Benvenuti a Casa Formigli
Che splendore, che pulizia, dai saloni alla piazza d'armi
Pulita la piazza lì vicino, pulita la strada, pulito il faraonico ingresso, puliti sia ascensore che ballatoio. Che poi, a entrarci davvero dentro, anche casa Formigli mette ansia da quanto è pulita. Pulito il salone delle mani, dove spicca il ritratto di Di Pietro. Pulito il salone Santoro, e c’è la gigantografia del capostipite. Pulito il salone Cianci, con mezza scritta cancellata troppo in fretta, o almeno così sembra, poi si suppone che finisse in “mino”. Pulito lo studio, con la raffigurazione panoramica della procura di Firenze. E il sontuoso tinello Davigo. E il fastoso sgabuzzo Damilano. Pulito l’enorme corridoio detto “della Serenità e della Fiducia nella Giustizia”, cui fa seguito quello altrettanto enorme tappezzato da decine di profili di Stella con Sarzanini, su un lato, e della Milella più Woodcock su quell’altro. “Populismo mai”, venne battezzato quest’ultimo.

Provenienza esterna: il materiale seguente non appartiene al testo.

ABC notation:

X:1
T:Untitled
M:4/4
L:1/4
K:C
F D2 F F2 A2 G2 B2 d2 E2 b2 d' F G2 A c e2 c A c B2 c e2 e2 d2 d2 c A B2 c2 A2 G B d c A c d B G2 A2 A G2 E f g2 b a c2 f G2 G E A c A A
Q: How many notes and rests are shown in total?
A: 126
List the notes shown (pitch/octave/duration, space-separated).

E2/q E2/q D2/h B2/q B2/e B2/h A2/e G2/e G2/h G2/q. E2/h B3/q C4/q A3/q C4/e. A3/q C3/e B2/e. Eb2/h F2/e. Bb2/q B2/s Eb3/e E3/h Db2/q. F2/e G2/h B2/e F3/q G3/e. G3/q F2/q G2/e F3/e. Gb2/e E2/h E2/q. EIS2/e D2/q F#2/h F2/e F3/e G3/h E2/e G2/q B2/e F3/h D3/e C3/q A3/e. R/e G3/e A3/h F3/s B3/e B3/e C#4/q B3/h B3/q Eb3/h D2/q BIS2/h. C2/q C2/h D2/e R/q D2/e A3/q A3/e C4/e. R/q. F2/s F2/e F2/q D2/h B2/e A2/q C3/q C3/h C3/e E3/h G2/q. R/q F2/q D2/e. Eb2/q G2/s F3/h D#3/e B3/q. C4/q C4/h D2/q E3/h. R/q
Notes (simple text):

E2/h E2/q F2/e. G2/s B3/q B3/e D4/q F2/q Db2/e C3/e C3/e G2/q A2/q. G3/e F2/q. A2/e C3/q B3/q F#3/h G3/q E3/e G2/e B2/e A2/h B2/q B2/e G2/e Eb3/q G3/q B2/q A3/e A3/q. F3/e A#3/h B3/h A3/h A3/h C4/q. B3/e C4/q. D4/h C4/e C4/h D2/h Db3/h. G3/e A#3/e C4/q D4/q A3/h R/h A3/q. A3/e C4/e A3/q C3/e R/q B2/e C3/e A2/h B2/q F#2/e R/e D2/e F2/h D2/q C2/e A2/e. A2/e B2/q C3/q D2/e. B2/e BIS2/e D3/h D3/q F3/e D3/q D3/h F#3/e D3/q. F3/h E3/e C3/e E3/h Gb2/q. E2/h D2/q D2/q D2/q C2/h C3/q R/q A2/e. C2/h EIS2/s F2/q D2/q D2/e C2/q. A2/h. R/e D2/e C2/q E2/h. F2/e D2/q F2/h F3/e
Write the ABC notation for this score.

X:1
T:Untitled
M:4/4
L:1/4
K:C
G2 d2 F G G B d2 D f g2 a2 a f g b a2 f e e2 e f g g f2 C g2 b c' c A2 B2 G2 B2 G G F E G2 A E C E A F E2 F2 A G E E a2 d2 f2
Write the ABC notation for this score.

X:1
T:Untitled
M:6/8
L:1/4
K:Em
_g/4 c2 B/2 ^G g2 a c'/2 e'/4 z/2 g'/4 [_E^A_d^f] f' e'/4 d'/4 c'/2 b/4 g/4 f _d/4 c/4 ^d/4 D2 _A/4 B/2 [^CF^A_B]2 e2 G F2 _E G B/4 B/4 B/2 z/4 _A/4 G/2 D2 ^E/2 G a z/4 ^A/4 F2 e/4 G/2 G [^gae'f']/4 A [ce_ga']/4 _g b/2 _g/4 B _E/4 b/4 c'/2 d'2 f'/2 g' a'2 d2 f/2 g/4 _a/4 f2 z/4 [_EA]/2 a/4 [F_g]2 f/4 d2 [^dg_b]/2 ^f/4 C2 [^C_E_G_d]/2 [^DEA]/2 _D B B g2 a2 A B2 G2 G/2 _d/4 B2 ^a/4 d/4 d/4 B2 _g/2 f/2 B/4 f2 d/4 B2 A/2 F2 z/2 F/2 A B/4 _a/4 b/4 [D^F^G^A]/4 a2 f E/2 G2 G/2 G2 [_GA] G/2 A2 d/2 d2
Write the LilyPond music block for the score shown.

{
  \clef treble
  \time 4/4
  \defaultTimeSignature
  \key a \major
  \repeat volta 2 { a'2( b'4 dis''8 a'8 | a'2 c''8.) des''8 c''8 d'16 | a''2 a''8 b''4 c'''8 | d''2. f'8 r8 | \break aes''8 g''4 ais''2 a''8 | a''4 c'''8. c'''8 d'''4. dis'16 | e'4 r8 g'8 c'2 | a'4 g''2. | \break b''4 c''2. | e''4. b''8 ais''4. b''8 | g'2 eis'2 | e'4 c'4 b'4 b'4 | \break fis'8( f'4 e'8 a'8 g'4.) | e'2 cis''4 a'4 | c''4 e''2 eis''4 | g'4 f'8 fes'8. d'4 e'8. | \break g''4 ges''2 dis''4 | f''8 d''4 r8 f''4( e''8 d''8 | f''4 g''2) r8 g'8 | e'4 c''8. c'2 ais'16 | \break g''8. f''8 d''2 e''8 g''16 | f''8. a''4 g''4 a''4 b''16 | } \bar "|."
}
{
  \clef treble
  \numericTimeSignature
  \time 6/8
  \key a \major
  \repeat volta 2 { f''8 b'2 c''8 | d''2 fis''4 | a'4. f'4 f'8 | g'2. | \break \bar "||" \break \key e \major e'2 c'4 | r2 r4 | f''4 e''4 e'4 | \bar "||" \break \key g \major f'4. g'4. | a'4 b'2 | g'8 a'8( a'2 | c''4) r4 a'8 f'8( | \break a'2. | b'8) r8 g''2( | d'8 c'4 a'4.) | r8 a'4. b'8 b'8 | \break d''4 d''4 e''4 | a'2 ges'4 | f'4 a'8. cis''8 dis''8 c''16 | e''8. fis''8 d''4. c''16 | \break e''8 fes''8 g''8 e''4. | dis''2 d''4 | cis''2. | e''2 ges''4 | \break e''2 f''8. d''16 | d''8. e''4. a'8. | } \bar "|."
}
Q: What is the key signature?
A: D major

Scintillante, direi, la piazza d’armi dedicata alle più intime necessità: le Jacuzzi chiamate Urbano Cairo, i sei lavabo Giannini, la batteria dei bidet arricchita addirittura con una scritta ad hoc: “Ecco i Telese”. E la tazza, con un’insegna che suonava per sempre: Renzi! Punto esclamativo. Poi lassù, proprio in cima allo scalone imperiale, la targa in oro di due metri per due: “Io, Formigli, giornalista”. Ma lì no, mi ha avvertito Corrado mentre stavo aprendo la porta della stanza dove vengono gelosamente conservate le registrazioni telefoniche su questo politico o su quello: “Lì no, tutta roba pulita non è”. Potrebbe significare che financo la trasparenza del nitore, perfino a casa Formigli, rivendica un suo limite.
Ieri comunque, alle 8 del mattino, colazione col direttorissimo Mentana in arrivo da una maratona delle sue. Vedeste che tipo sveglio. Il padrone di casa parlava, e parlava, e parlava, nel mentre che Enrico, di sottecchi, aveva messo in moto la testolina grigia interessato soltanto a controllare se la disposizione delle camere e dei saloni corrispondesse esattamente alla mappa disegnata da quel renziano. “Bella casa comunque”, concluse alla fine. “Mai bella come la tua”, replicò imbarazzato Corrado come accennando a un inchino. “La come? La che cosa? La mia? Non provare a rompere i coglioni a me, Formigli, io sono in affitto”.